New-AzBatchAccount cmdlet to create an Azure Batch account (or) Azure portal to create the Azure Batch account using Azure portal. See Using PowerShell to manage Azure Batch Account article for detailed instructions on using the cmdlet.
New-AzBatchPool cmdlet to create an Azure Batch pool.

Important

When creating a new Azure Batch pool, ‘VirtualMachineConfiguration’ must be used and NOT ‘CloudServiceConfiguration'. For more details refer Azure Batch Pool migration guidance.

Example

{
    "name": "AzureBatchLinkedService",
    "properties": {
      "type": "AzureBatch",
      "typeProperties": {
        "accountName": "batchaccount",
        "accessKey": {
          "type": "SecureString",
          "value": "access key"
        },
        "batchUri": "https://batchaccount.region.batch.azure.com",
        "poolName": "poolname",
        "linkedServiceName": {
          "referenceName": "StorageLinkedService",
          "type": "LinkedServiceReference"
        }
      },
      "connectVia": {
        "referenceName": "<name of Integration Runtime>",
        "type": "IntegrationRuntimeReference"
      }
    }
  }

Properties

Property	Description	Required
type	The type property should be set to AzureBatch.	Yes
accountName	Name of the Azure Batch account.	Yes
accessKey	Access key for the Azure Batch account.	Yes
batchUri	URL to your Azure Batch account, in format of https://batchaccountname.region.batch.azure.com.	Yes
poolName	Name of the pool of virtual machines.	Yes
linkedServiceName	Name of the Azure Storage linked service associated with this Azure Batch linked service.

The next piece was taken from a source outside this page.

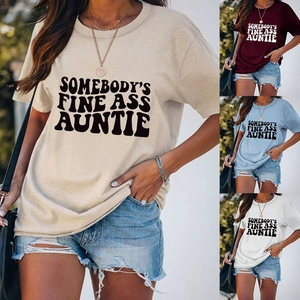 Détails du t-shirt oversize en coton montrant les options de couleurs et le lettrage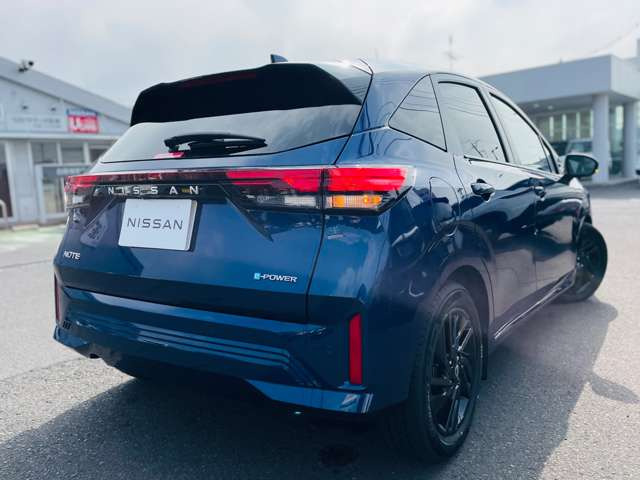 ノート1.2 X 90周年記念車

This linked service is used for staging files required to run the activity.	Yes
connectVia	The Integration Runtime to be used to dispatch the activities to this linked service. You can use Azure Integration Runtime or Self-hosted Integration Runtime. If not specified, it uses the default Azure Integration Runtime.	No

Machine Learning Studio (classic) linked service

Important

Support for Azure Machine Learning Studio (classic) will end on August 31, 2024. We recommend that you transition to Azure Machine Learning by that date.

Machine Learning Studio (classic) documentation is being retired and might not be updated in the future.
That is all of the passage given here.